# JDBC mit MS-SQL



## Zweistein (26. Okt 2004)

Wie stellt man eine JDBC-Verbindung mit der MS-SQL-SERVER-Datenbank her. 
Ich verwende das Beispiel-Programm lt.: http://support.microsoft.com/default.aspx?scid=kb;en-us;313100 
Mein Server ist: SERVER1\SQL_SERVER1 
Ist das wirklich der einzutragende Servername (hostname)? 
Ich erhalte dabei folgende Fehlermeldung: 
java.sql.SQLException: [Microsoft][SQLServer 2000 Driver for JDBC]Error establishing socket. 
    at com.microsoft.jdbc.base.BaseExceptions.createException(Unknown Source) 
    at com.microsoft.jdbc.base.BaseExceptions.getException(Unknown Source) 
    at com.microsoft.jdbc.base.BaseExceptions.getException(Unknown Source) 
    at com.microsoft.jdbc.sqlserver.tds.TDSConnection.(Unknown Source) 
    at com.microsoft.jdbc.sqlserver.SQLServerImplConnection.open(Unknown Source) 
    at com.microsoft.jdbc.base.BaseConnection.getNewImplConnection(Unknown Source) 
    at com.microsoft.jdbc.base.BaseConnection.open(Unknown Source) 
    at com.microsoft.jdbc.base.BaseDriver.connect(Unknown Source) 
    at java.sql.DriverManager.getConnection(DriverManager.java:512) 
    at java.sql.DriverManager.getConnection(DriverManager.java:171)


----------



## Bleiglanz (26. Okt 2004)

Error establishing socket

=> Netzwerkverbindung OK?

=> lauscht der Server auf dem Richtigen Port?

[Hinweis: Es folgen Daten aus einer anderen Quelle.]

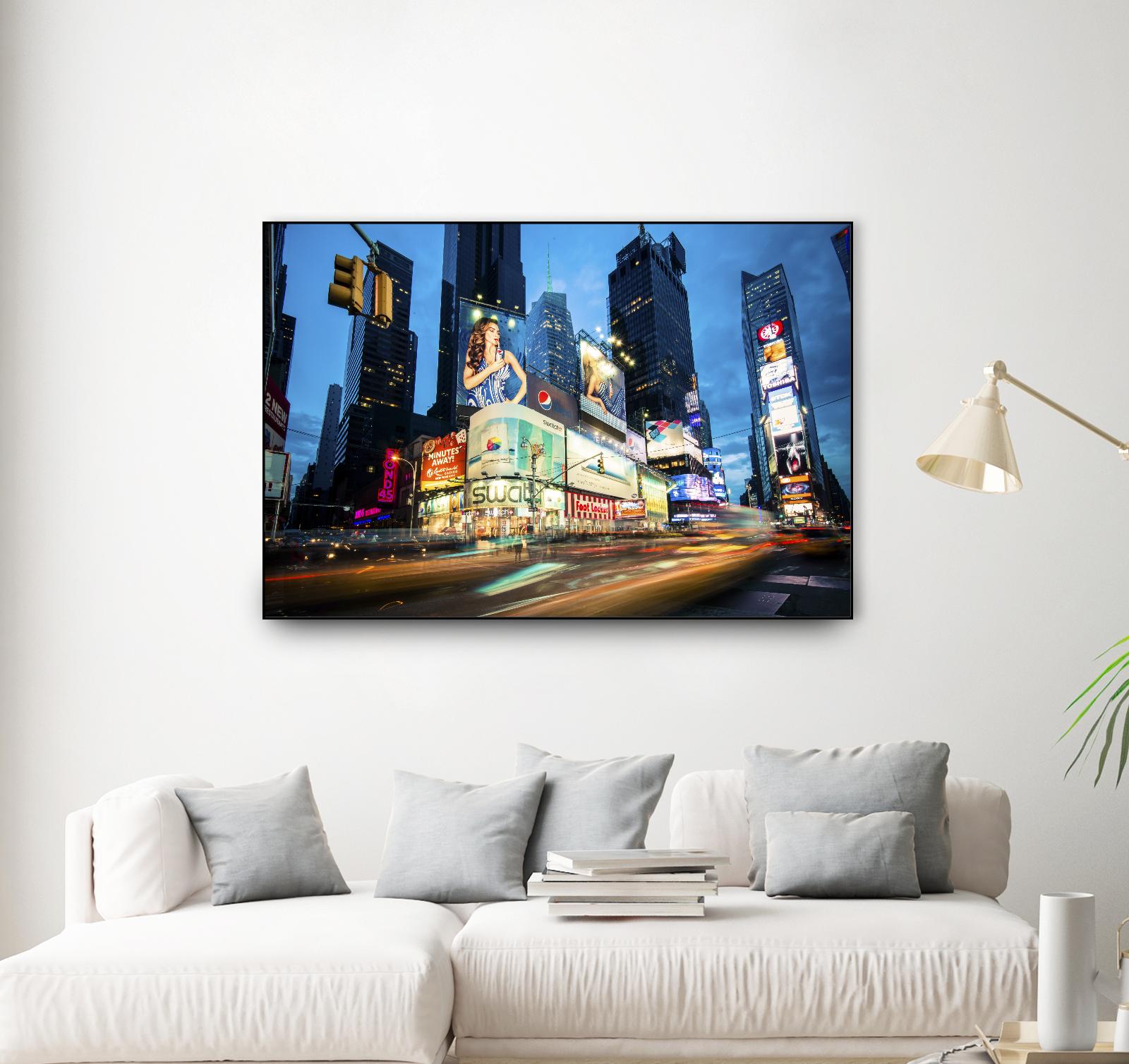 Times Square Rays of Light  III by Guilliame Gaudet on GIANT ART - black city scene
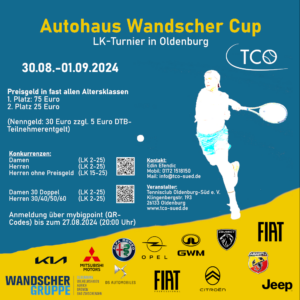 Mehr über den Artikel erfahren Anmeldung zum Autohaus Wandscher Cup 2024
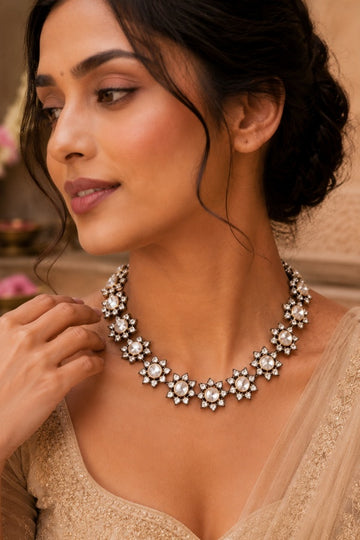 Dual Finish Flower Zirconia Necklace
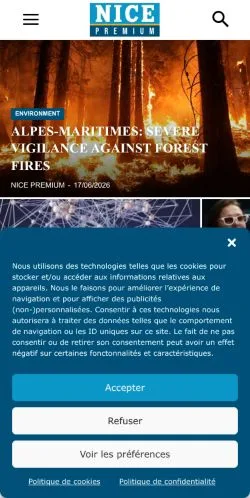 Pré-visualização do site Nice Premium, meio de Reino Unido para artigos patrocinados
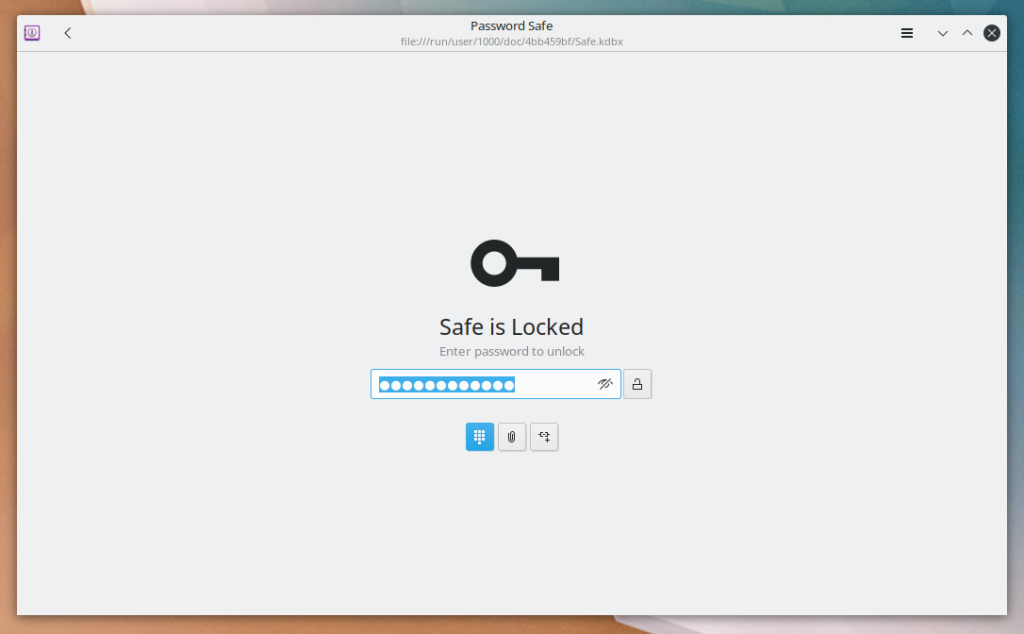 GNOME Password Safe. Unlocking the password database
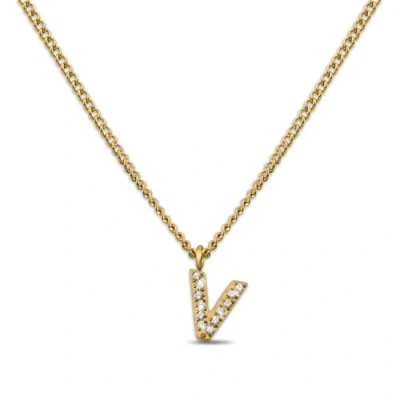 Abbildung von GD GOOD.designs Kette Buchstabe V Gold für Damen I 18K vergoldete Halskette mit Zirkonia Initialien Goldene Edelstahl Buchstabenkette (Buchstabe V)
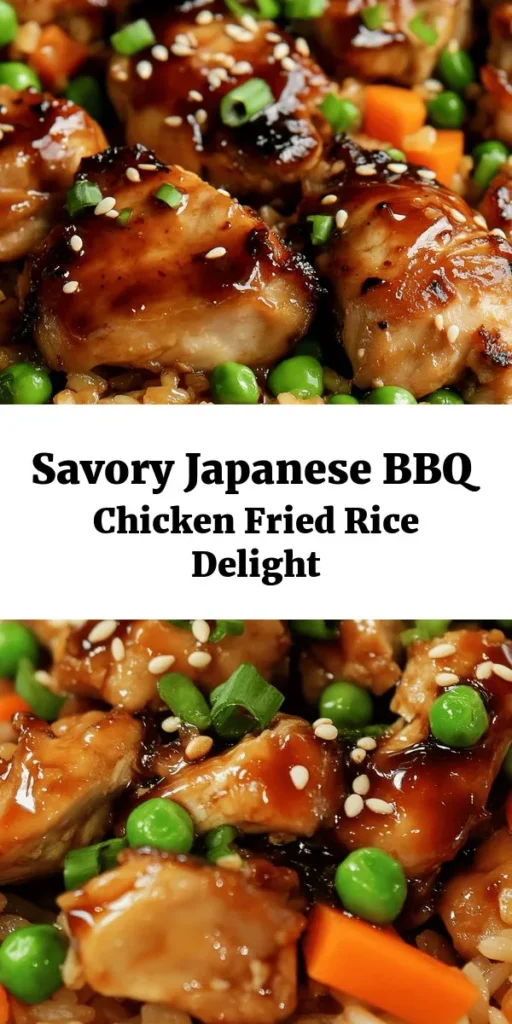 Elevate your dinner experience with this Savory Japanese BBQ Chicken Fried Rice! This delicious dish features marinated chicken thighs stir-fried to perfection with jasmine rice, fresh vegetables, and a touch of sesame for that authentic flavor. Quick and easy to make in just 30 minutes, it's perfect for a weeknight meal. Garnish with green onions and sesame seeds for a beautiful finish. Your taste buds will thank you! Perfect for 4 servings.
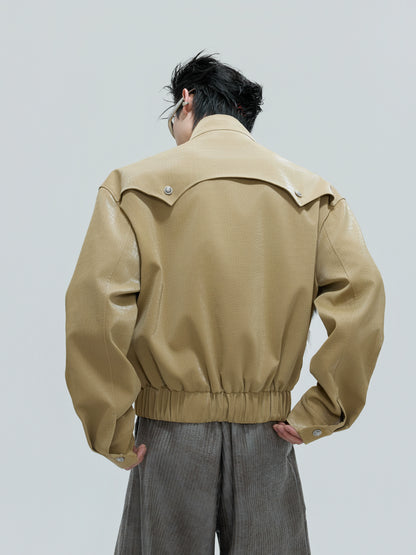 Deconstructed Fake Layered Crocodile Texture Furry PU Leather Jacket WN21723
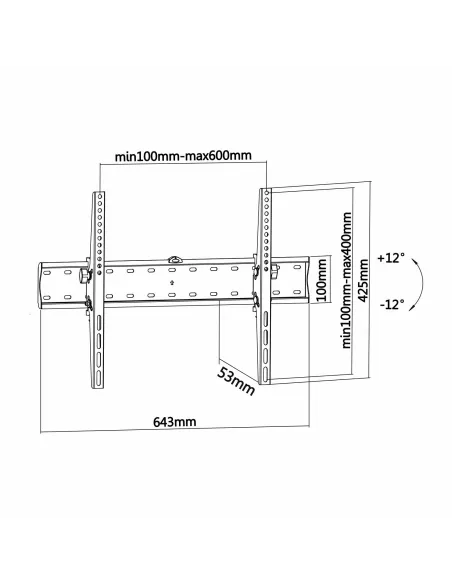 Aisens WT70T-017 Soporte de Pared para Monitor/TV 37"-70" Máx. 40KG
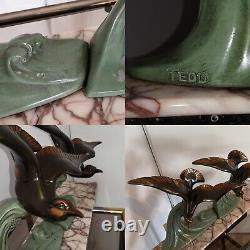 Sculpture métal deux oiseaux patine verte signé tedd art deco 1920 1940
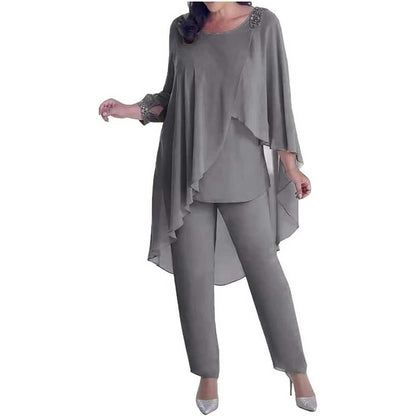 2Pcs Mother of The Bride Pant Suit with Cloak Beaded Formal Evening Outfit Set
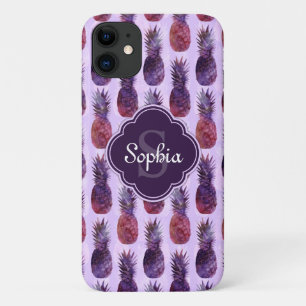 Trendy Watercolor Pineapple Pattern iPhone 11 Case
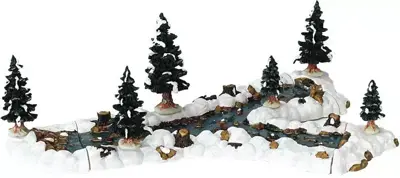 Lemax mill stream fork kerstdorp accessoire 2001 - afbeelding 1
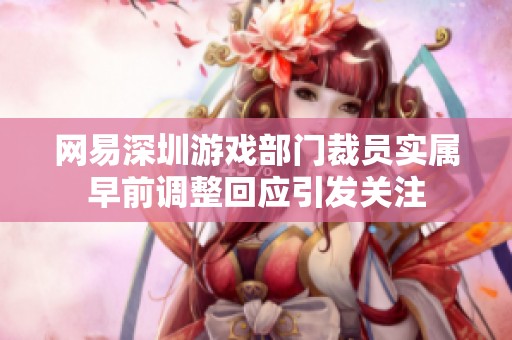 网易深圳游戏部门裁员实属早前调整回应引发关注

=> Benutzername & Kennwort OK?

SERVER1\SQL_SERVER1 

versuchs erstmal mit der IP Adresse 

welche URL nimmst du?


----------



## Zweistein (26. Okt 2004)

Netzwerk-Verbindung ist ok: ping auf Server1 (=192.1.1.254) funktioniert.
Der Port ist der Default-Port (1433) und wurde auch nicht verändert.
Benutzername und Kennwort (Passwort) sind auch Ok.
Ich habs versucht mit 192.1.1.254.
Ich habs versucht mit SERVER1.
Ich habs versucht mit SQL_SERVER1.
und natürlich auch mit SERVER1\\SQL_SERVER1 (=SERVER1\SQL_SERVER1).

Was bedeutet hostname?
a) Die IP-Adresse (oder Name) des PCs, aber welche Instanz des SQL-Servers nimmt er dann?
b) Die Instanz des SQL-Servers (SQL_SERVER1), aber wie findet er dann den Rechner dieser Instance?
c) Die Kombination beider Parameter (SERVER1\SQL_SERVER1)
d) oder irgend ein anderer Name der nicht zu finden ist.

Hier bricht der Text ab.